Geary beugte sich vor. »Was zum Teufel ist mit Ihnen los, Victoria? Ich weiß, irgendetwas macht Ihnen zu schaffen, aber ich glaube, es betrifft nicht mich. Ich versuche, eine Erklärung dafür zu finden, wieso Sie Ihren Pflichten gegenüber der Allianz und der Callas-Republik nicht nachkommen, und ich kann nur sagen, dass ich ratlos bin.« Sie saß schweigend da und ließ sich nicht anmerken, was in ihr vorging. »Hat es etwas mit mir zu tun? Sie haben mich seit Ilion nicht mehr angefasst. Ich weiß, wir haben uns nichts versprochen, aber ich verstehe beim besten Willen nicht, was passiert ist, dass sich alles so radikal verändert hat.«

Rione zuckte mit den Schultern und drehte den Kopf zur Seite. »Ich bin ein Miststück, und das wussten Sie von vornherein. Außerdem war es nur etwas Körperliches.«

»Nein, das war es nicht.« Rione sah ihn weiterhin nicht an, während er fortfuhr: »Ich habe es damals gesagt, und ich sage es jetzt auch wieder: Ich unterhalte mich gern mit Ihnen, und ich habe Sie gern um mich.«

»Mir fällt auf, dass Sie mir nicht widersprechen, was die Sache mit dem Miststück angeht.«

»Und Sie versuchen, das Thema zu wechseln.« Er bemerkte ihr Stirnrunzeln. »Hat es was damit zu tun, dass Sie und Captain Desjani sich jedes Mal am liebsten an die Gurgel gehen würden, wenn Sie beide sich im gleichen Raum aufhalten?«

Sie lachte spöttisch. »Was für ein aufmerksamer Mann Sie doch sind.
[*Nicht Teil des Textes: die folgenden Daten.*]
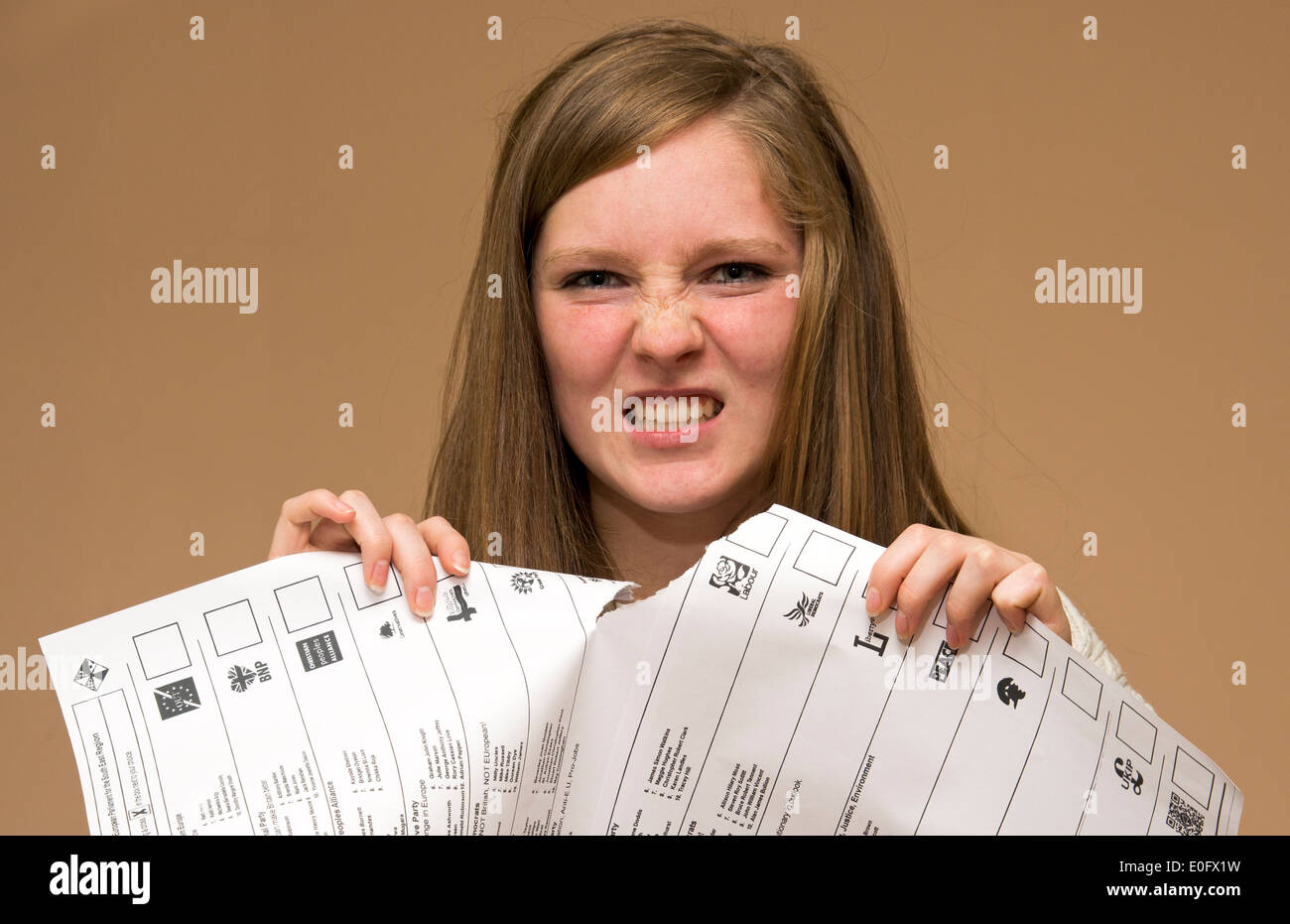 Angry young voting tearing ballot paper with spoiled voting paper Stock Photo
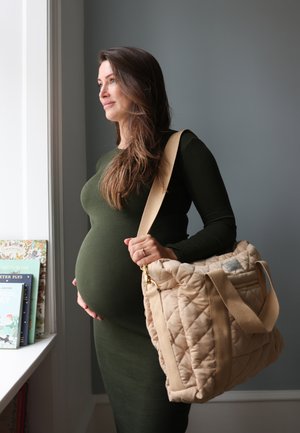 Tehotná žena v tmavozelených šatách stojí pri okne, drží na ramene svetlohnedú prešívanú tašku a rukou si hladí tehotenské bruško.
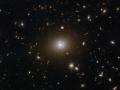 Esta imagen del telescopio espacial Hubble de la NASA/ESA muestra la galaxia remota HerS 020941.1+001557, que aparece como un arco rojo que rodea parcialmente una galaxia elíptica en primer plano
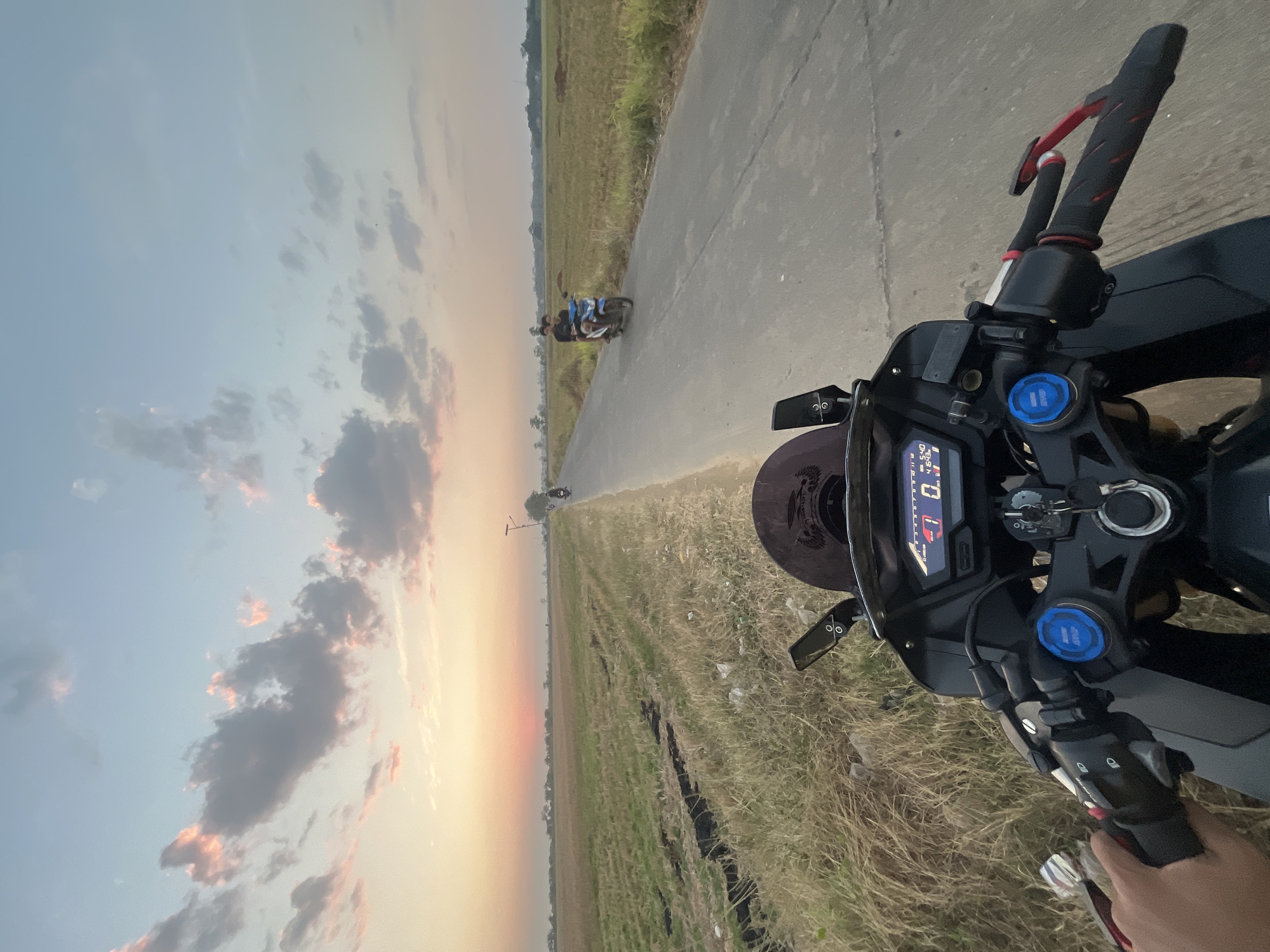 This is a first-person perspective photo taken from a motorcycle on a paved road in Pecangaan, Indonesia, during sunset. The road runs through a rural area with dry, grassy fields on either side. The sky is a gradient of soft orange and pink near the horizon, transitioning to a pale blue with scattered clouds.
In the foreground, the handlebars and digital display of the motorcycle are visible. The display shows a speed of 0 km/h and the time as 5:40. A hand is partially visible on the left handlebar.
Further down the road, two other motorcycles are present. One motorcycle, with two people riding it, is traveling in the same direction as the viewer. Another motorcycle is further ahead, with a single rider. The landscape is characterized by flat terrain with scattered trees in the distance. The overall scene suggests a peaceful evening ride through the countryside.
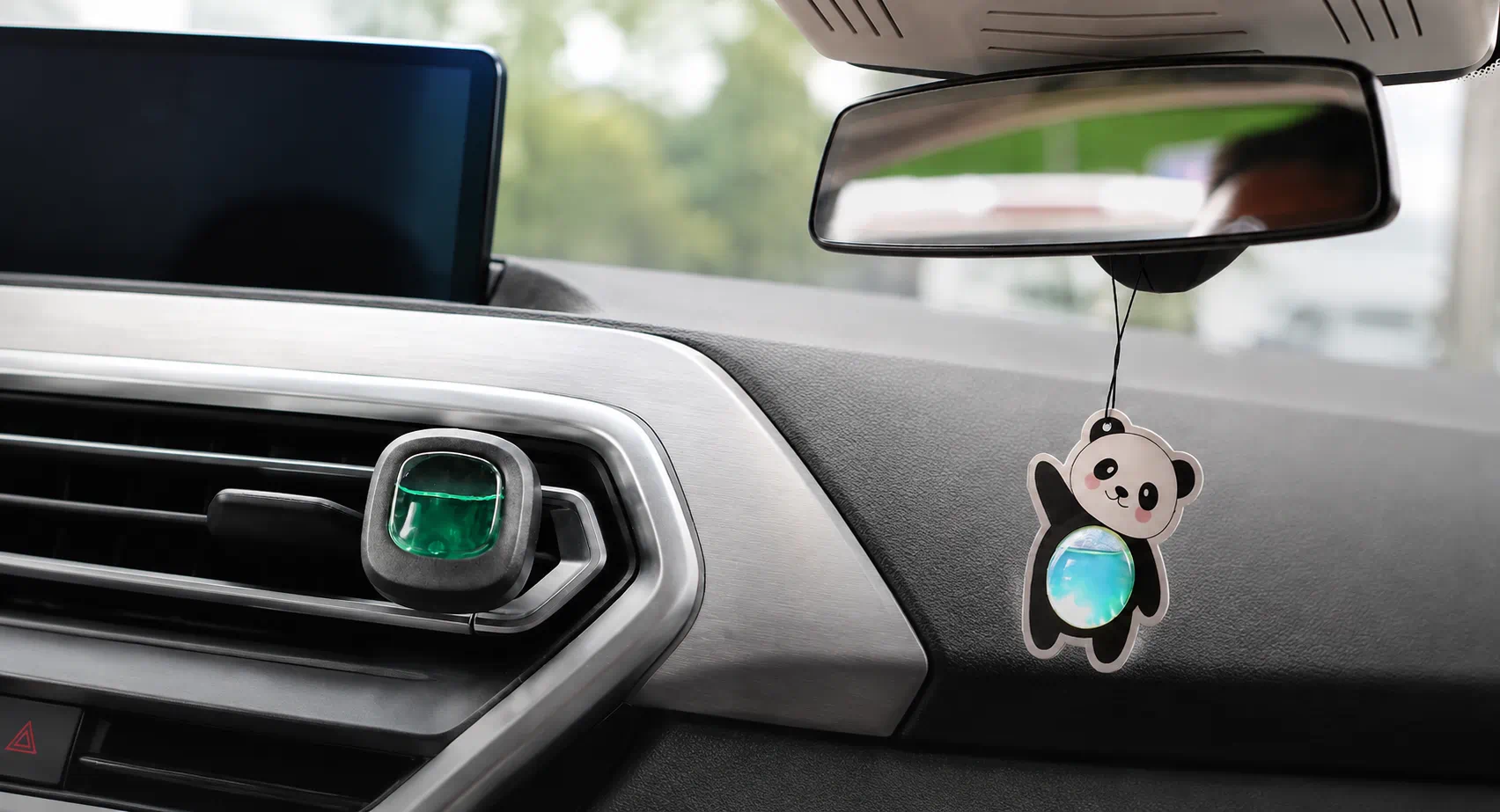 Vent clip and hanging membrane air fresheners installed inside a car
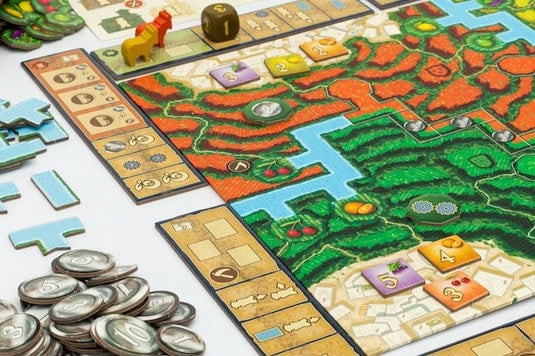 Close-up of a colorful board game featuring terrain reminiscent of the Alpujarras, with red and green areas and a blue river. Several game tokens, tiles, and stacks of coins are scattered around the board. A yellow pawn from the Kickstarter Campaign edition and a die are visible on the board.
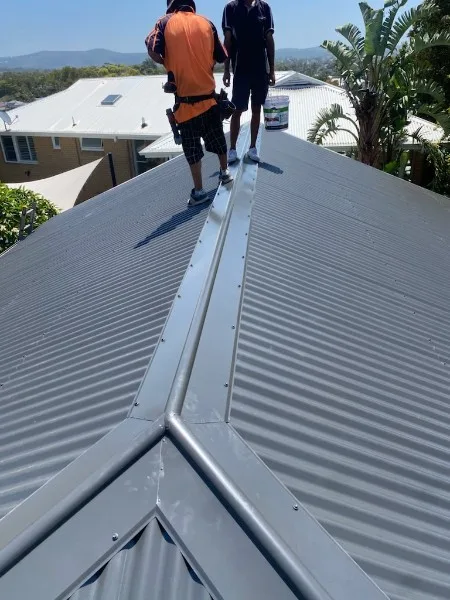 Our roofers installing a new metal roof on the Central Coast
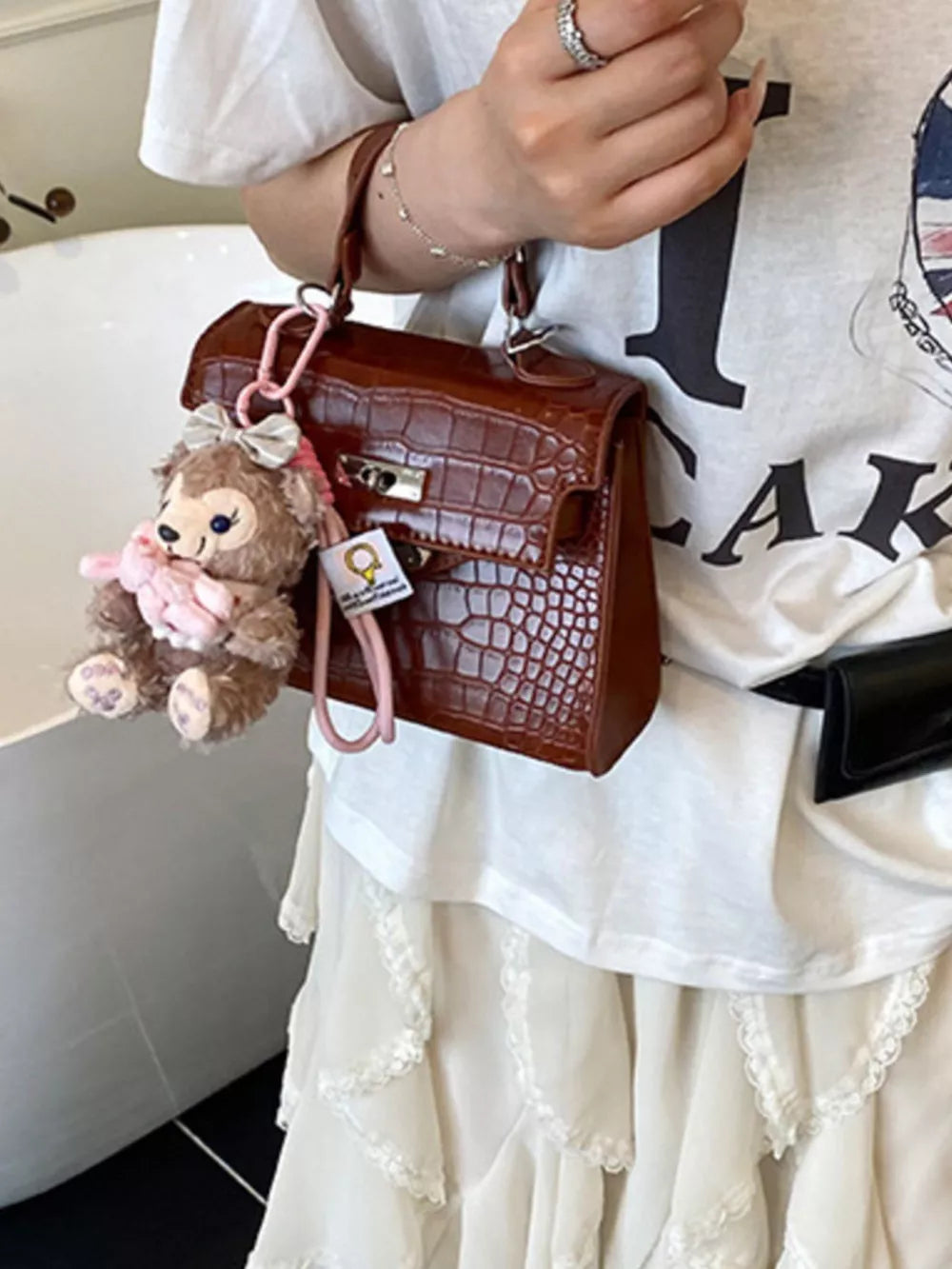 Crocodile-embossed Medium Handbag in Brown, side view
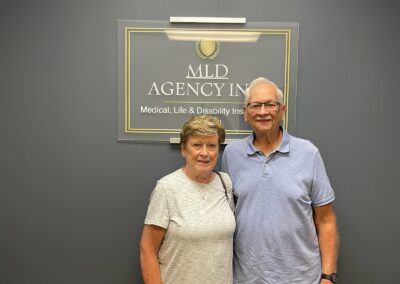 A happy couple standing in front of the MLD sign after saving money on their car and home insurance through MLD Agency, Inc. in St. Charles, Illinois.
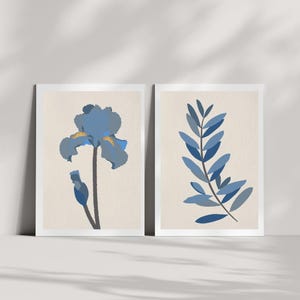 Könnte beinhalten: Zwei gerahmte Kunstdrucke mit botanischen Illustrationen. Ein Druck zeigt eine blaue Irisblüte mit gelben Akzenten und einem dunklen Stiel. Der andere zeigt einen blauen Blattzweig vor einem neutralen Hintergrund.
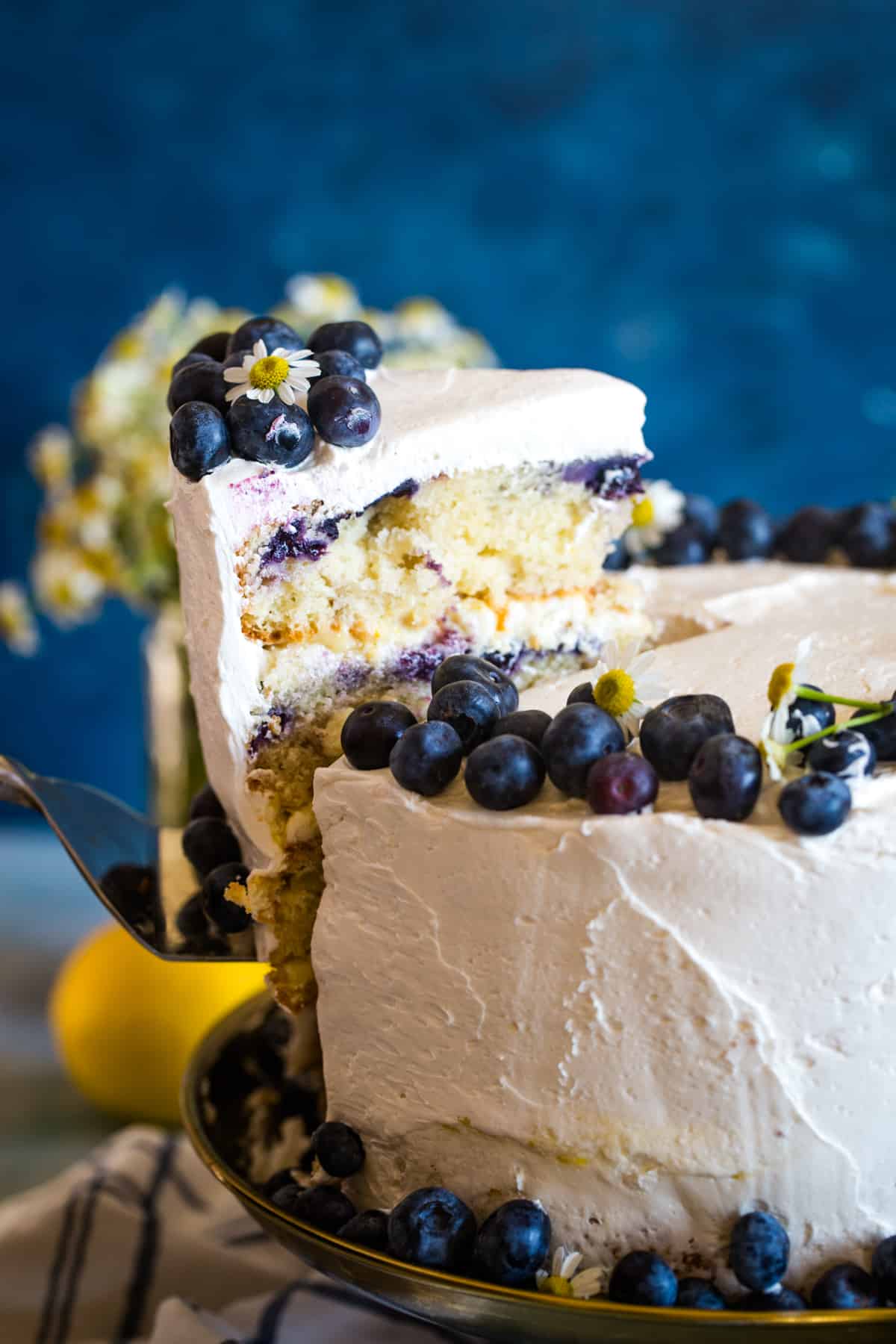 slice of blueberry cake with lemon curd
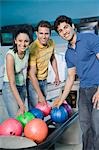 Zwei junge Männer und eine junge Frau in eine Bowlingbahn Bowling-Kugeln halten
Wären Desjani und ich zwei Formationen aus Syndik-Kriegsschiffen, dann hätten Sie uns schon längst durchschaut.«

Geary weigerte sich, den Köder zu schlucken. »Ich schätze Sie beide, und ich mag Sie beide, wenn auch auf unterschiedliche Art. Und ich respektiere Ihre und Desjanis Denkweise. Darum macht es mich ja auch so rasend, dass ich nicht weiß, warum Sie beide sich seit Ilion zu hassen scheinen.«

Rione sah eine Zeit lang zur Seite, ehe sie antwortete: »Captain Tanya Desjani hat Angst, dass ich dem Mann wehtue, den sie verehrt.«

»Verdammt, Victoria…«

»Ich scherze nicht, John Geary.« Sie seufzte schwer und sah ihn schließlich an. »Strengen Sie Ihren Kopf an!«, forderte sie ihn schroff auf. »Was haben wir bei Sancere an Bord genommen?«

»Eine Menge Dinge.«

»Darunter auch eine überholte, aber umfangreiche Liste der Kriegsgefangenen, die zur Allianz gehören.« Geary erschrak, als er sah, dass Rione leicht zu zittern schien, als sie redete. »Sie wissen, die Syndiks haben schon vor langer Zeit aufgehört, mit uns Listen der Kriegsgefangenen auszutauschen. Sie wissen auch, dass viele, die auf dieser Liste stehen, in der Allianz für tot gehalten wurden. Ihnen sollte klar gewesen sein, dass auf dieser Liste auch Namen von Menschen stehen, deren Tod als sicher angenommen wurde!« Die letzten Worte schrie sie ihm förmlich ins Gesicht.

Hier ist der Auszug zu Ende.